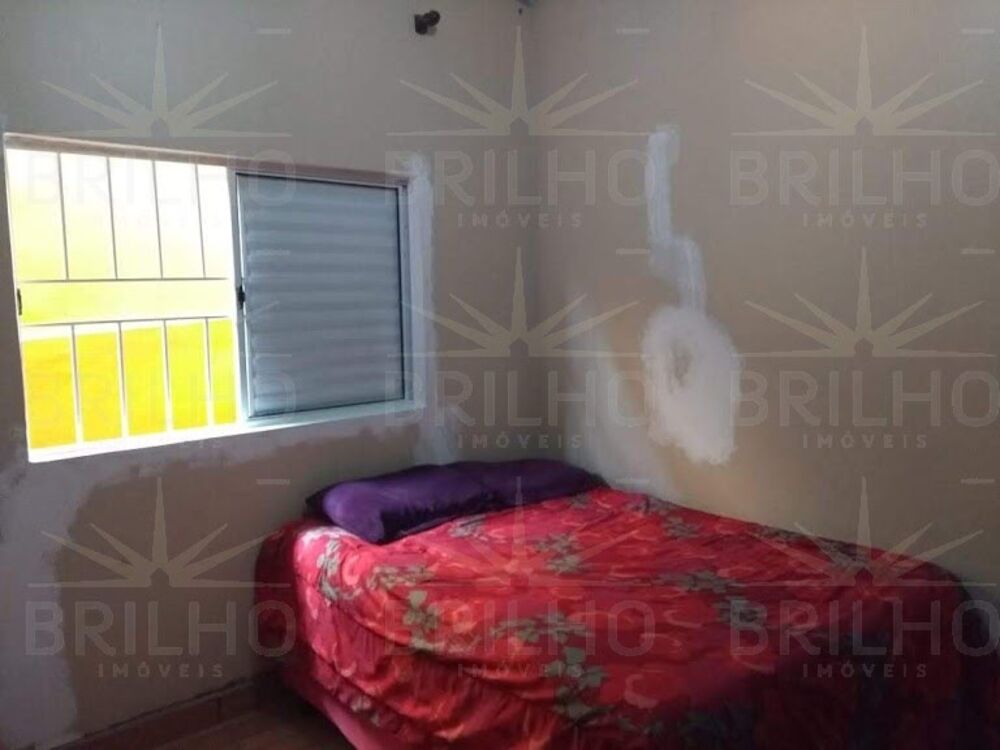 Sobrado, 3 quartos, 150 m² - Foto 7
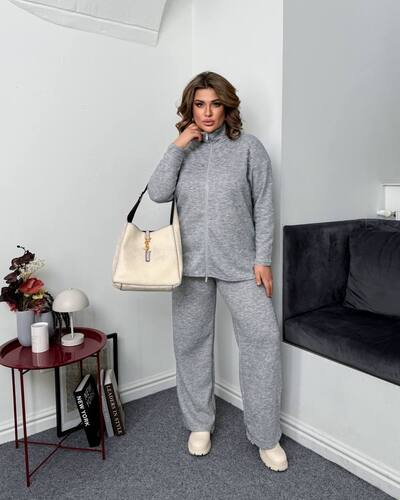 Костюм двійка 125724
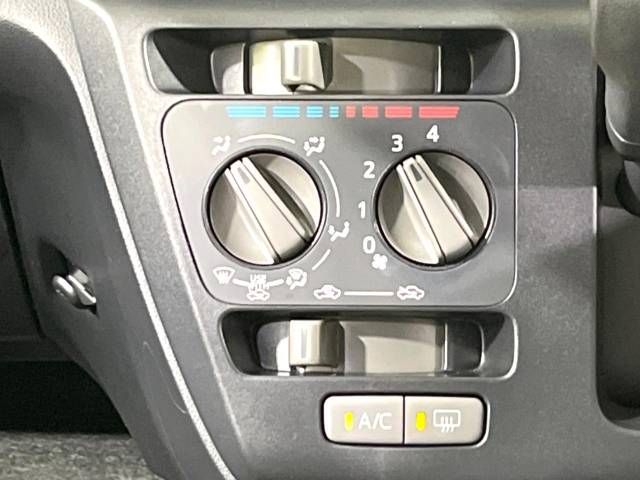 Daihatsu MIRA ES 2019-01 195372-7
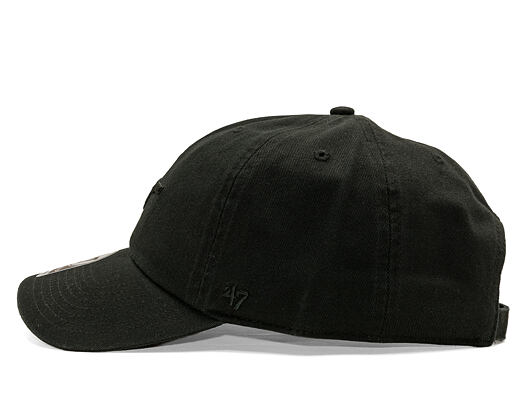 Cap '47 Brand - Wno Loop UP Label CLEAN UP - Arsenal FC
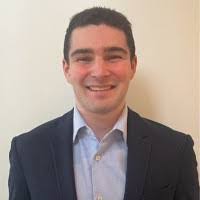 Aiden Jacobson's Instagram, Twitter & Facebook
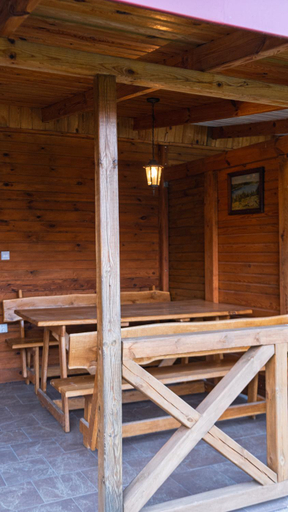 Sport & Beauty, Agroturystyka Nielisz Zamosc - Kwatery przy Skansenie, Zamość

- **Your goal**
Without the pictures, reproduce each line from the one containing "Aiden Jacobson's Instagram, Twitter" through the last line of the material above, both of those lines included.

- **Exercise solution**
 Aiden Jacobson's Instagram, Twitter & Facebook
 Sport & Beauty, Agroturystyka Nielisz Zamosc - Kwatery przy Skansenie, Zamość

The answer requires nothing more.